• [What the task requires] The full listing should be written out verbatim, and its images should be dropped.

• [Given information]
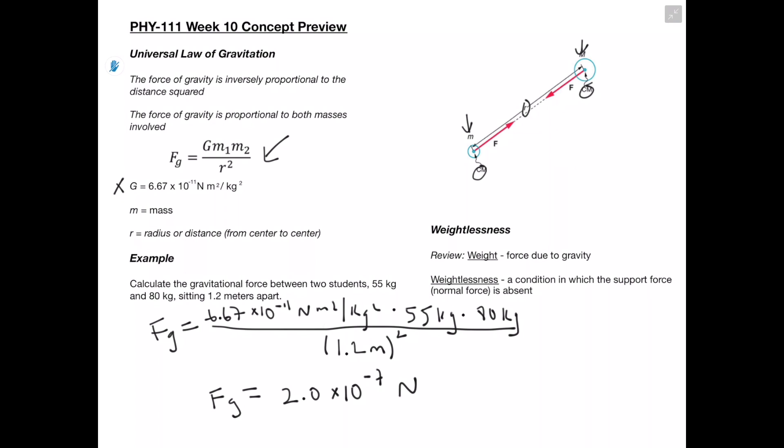The definition of weightlessness is a condition in which the support force or the normal force is absent. We have two main types of forces: contact forces and non-contact forces. Gravity is a non-contact force — we can't really feel gravity. What we feel is a contact force, which is normal force. So when we're sitting down or standing up, what we're really feeling is this opposing supportive force.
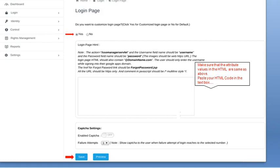If you wish to set your own custom login page for the organization, select Yes. Paste the code in the text box given on the policy page. Click Save to save the settings.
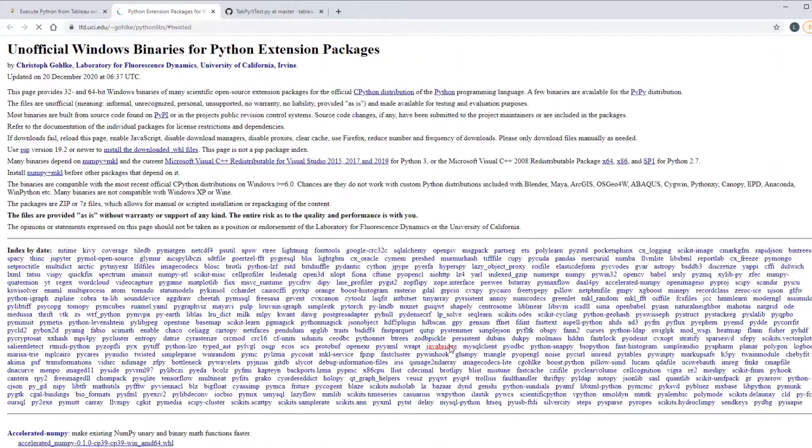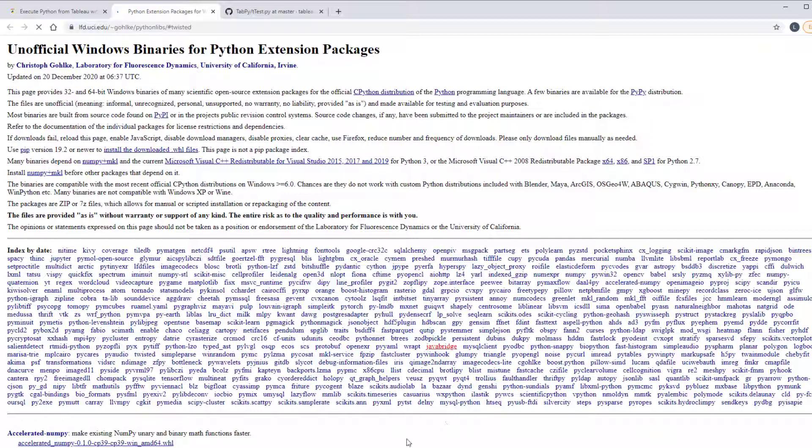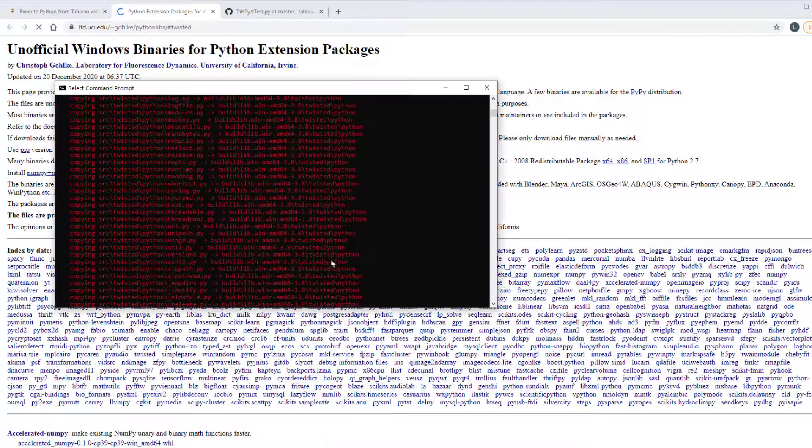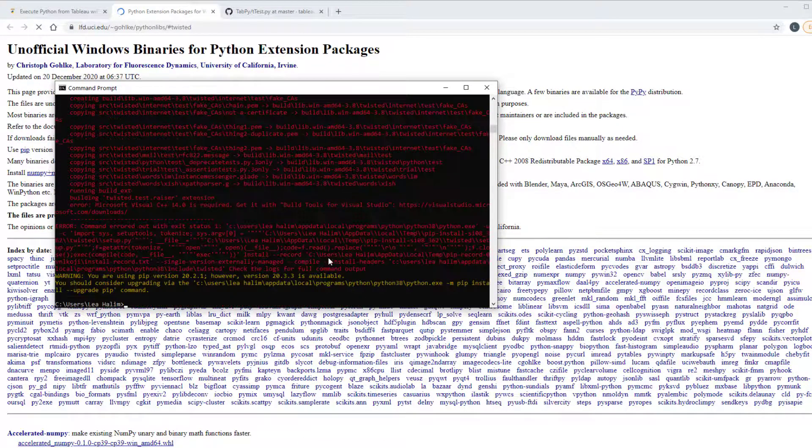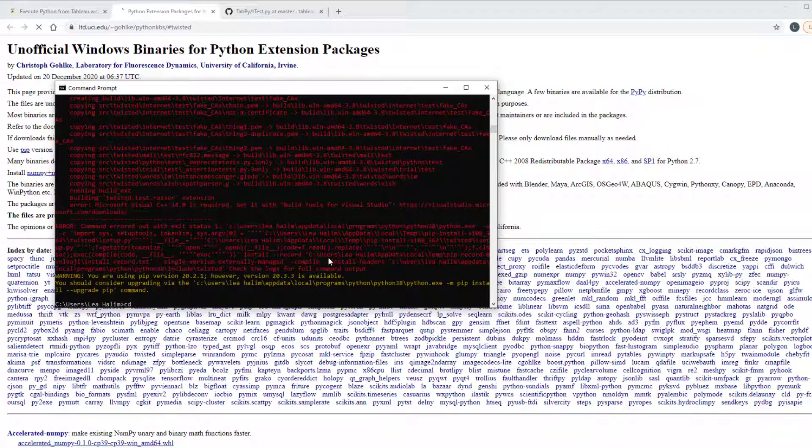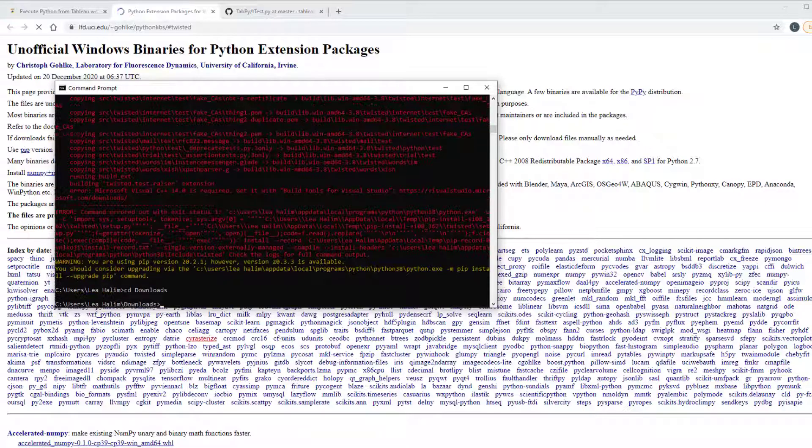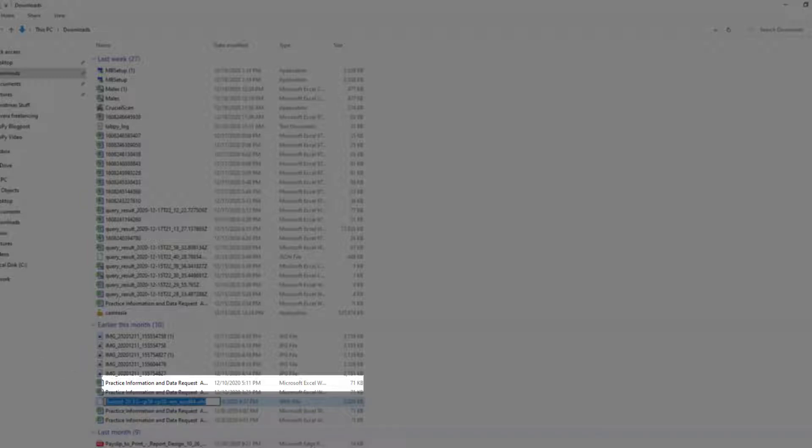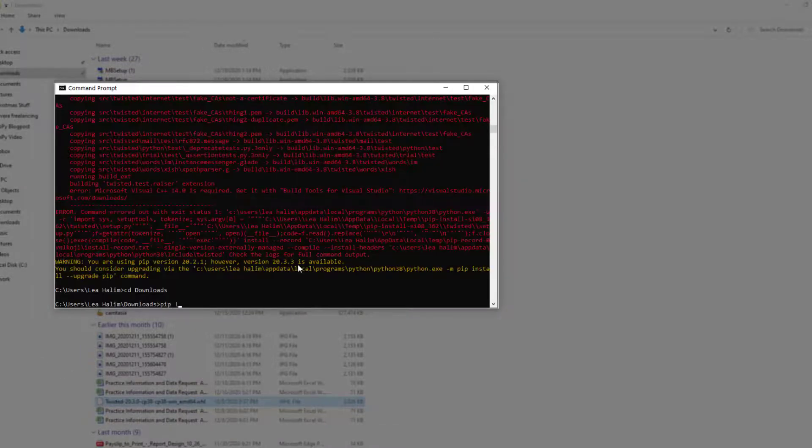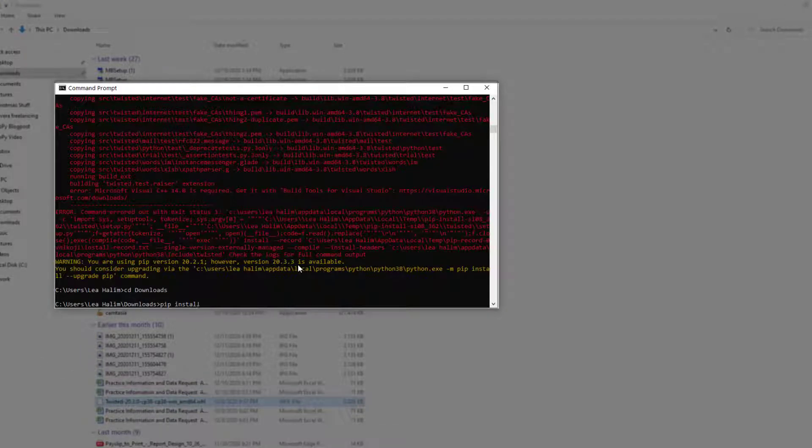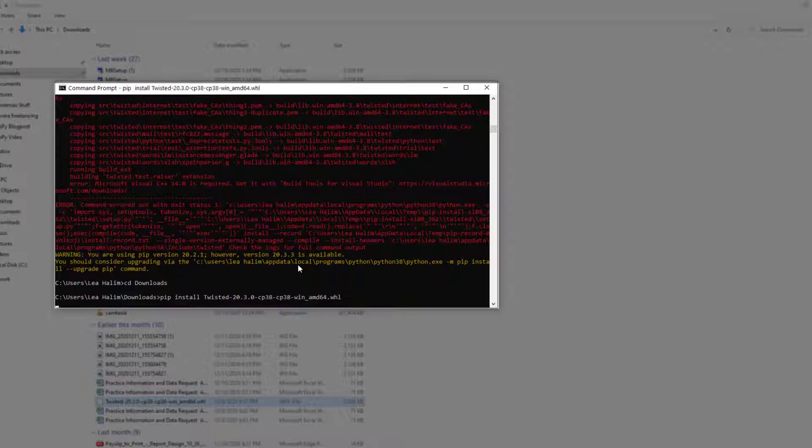So I went to this website and downloaded the .whl file that's appropriate to my version of Python. And so I'm going to just navigate to my downloads directory. And then here here's the version that I downloaded from that website.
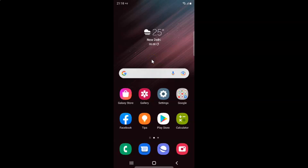Hi guys, in this video I will show you how to show battery percentage on a status bar in Samsung Galaxy S22 Ultra running One UI version 4.1. This is my Samsung Galaxy S22 Ultra device. So let us start.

• [Solved exercise]
The definition of weightlessness is a condition in which the support force or the normal force is absent. We have two main types of forces: contact forces and non-contact forces. Gravity is a non-contact force — we can't really feel gravity. What we feel is a contact force, which is normal force. So when we're sitting down or standing up, what we're really feeling is this opposing supportive force.
If you wish to set your own custom login page for the organization, select Yes. Paste the code in the text box given on the policy page. Click Save to save the settings.
So I went to this website and downloaded the .whl file that's appropriate to my version of Python. And so I'm going to just navigate to my downloads directory. And then here here's the version that I downloaded from that website.
Hi guys, in this video I will show you how to show battery percentage on a status bar in Samsung Galaxy S22 Ultra running One UI version 4.1. This is my Samsung Galaxy S22 Ultra device. So let us start.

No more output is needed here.